Why do we work hard? Of course, it is to look after ourselves and our families. It is also to save for a rainy day and to be able to spend on things we enjoy: hobbies, travel, leisure & so on as well as to look after our retirement years. It is a good idea to use some financial strategies that help one to save and to create wealth by making smart investments.

Have a plan

Think about your income today and the kind of professional growth trajectory you envisage for yourself in times to come. Set out financial milestones or goals for yourself: the age/year by which you will buy a house, how you will save for the education of your kids, how you will be able to afford a first or even a second or third vehicle as your family grows. Think about retirement – yes it is never too early to factor this into your financial plans.

Diversify

Savings bank accounts will offer negligible interests and fixed deposits will barely keep pace with inflation. The stock market is the place to invest if one wants to actually grow wealth vis-à-vis just stagnating. If you are wary about taking the plunge by yourself, consider mutual funds. The point is to diversify investments with some amount in debt, some in equity and so on. Even if you're risk-averse, venture out of your savings comfort zone a little.

Bogleheads

This is the financial strategy envisaged by the book The Bogleheads' Guide to Investing. This strategy advises you to start investing early in life. Live below your means, have the right credit reward strategy, buy a house at the right time, choose investment wisely, diversify investments --- these are some of the pointers this offers.  We are also advised to invest regularly, and offers advice on how to keep taxes and costs low.

50/30/20 rule

This is a simple spending paradigm that should guide spending. 50% or half of one's income should go to essentials such as food, transport, rent, EMIs and so on. 30% should go towards leisure activities such as travel, shopping, entertainment, eating out, hobbies etc. 20% of one's income should be saved for exigencies or invested in ways that will yield an income later in life.
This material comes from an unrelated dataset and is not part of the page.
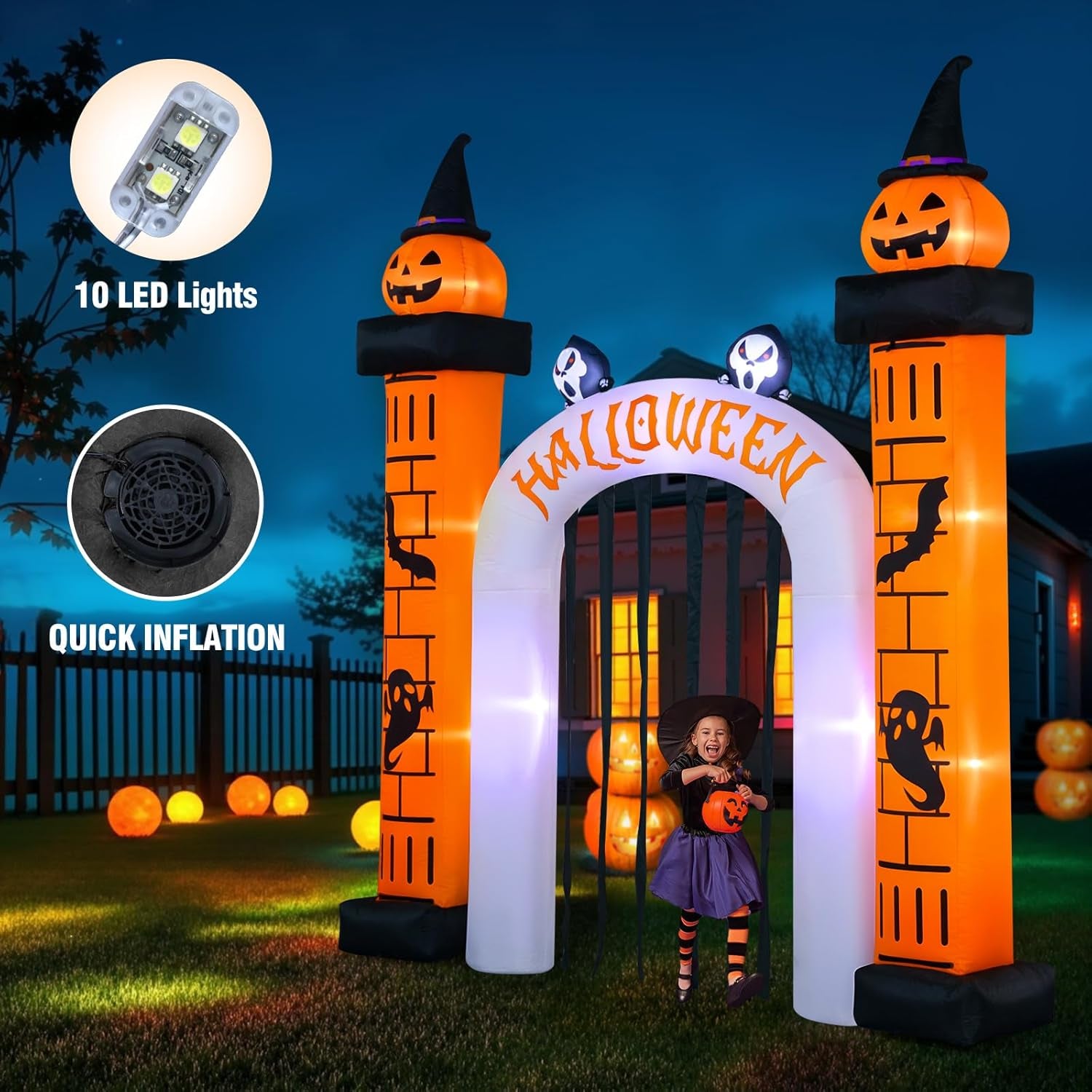 11FT Giant Halloween Inflatable, Giant Halloween Inflatables Archway, Outdoor Blow Up Decorations, Inflatable Pumpkin Arch for Yard Lawn Garden Party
FIRE (Financial Independence Retire Early)

This is a more extreme form of saving recommended by the book Your Money or Your Life. There is priority given to retiring early and this entails high earnings with a high proportion of one's income being invested. The aim is to save between 50 and 75% of one’s income, which could mean little or no money for leisure or life’s luxuries. It means living very frugally, strictly keeping track of and controlling spending. Early retirement doesn’t mean that one has to stop working; it merely means that you have the freedom to do only the kind of work you like and only as much as you want to – because you don’t need to.

Warren Buffet’s strategy

He has been the richest man in the world at some point and continues to be among the wealthiest people in the world even today. Warren Buffet is an investor and is famous for something called value investing. He follows the Benjamin Graham school of investing, which looks for securities that are priced lower than their actual worth. Buffet looks at companies as a whole rather (its performance, profit, debt etc) than how they are doing on the stock market.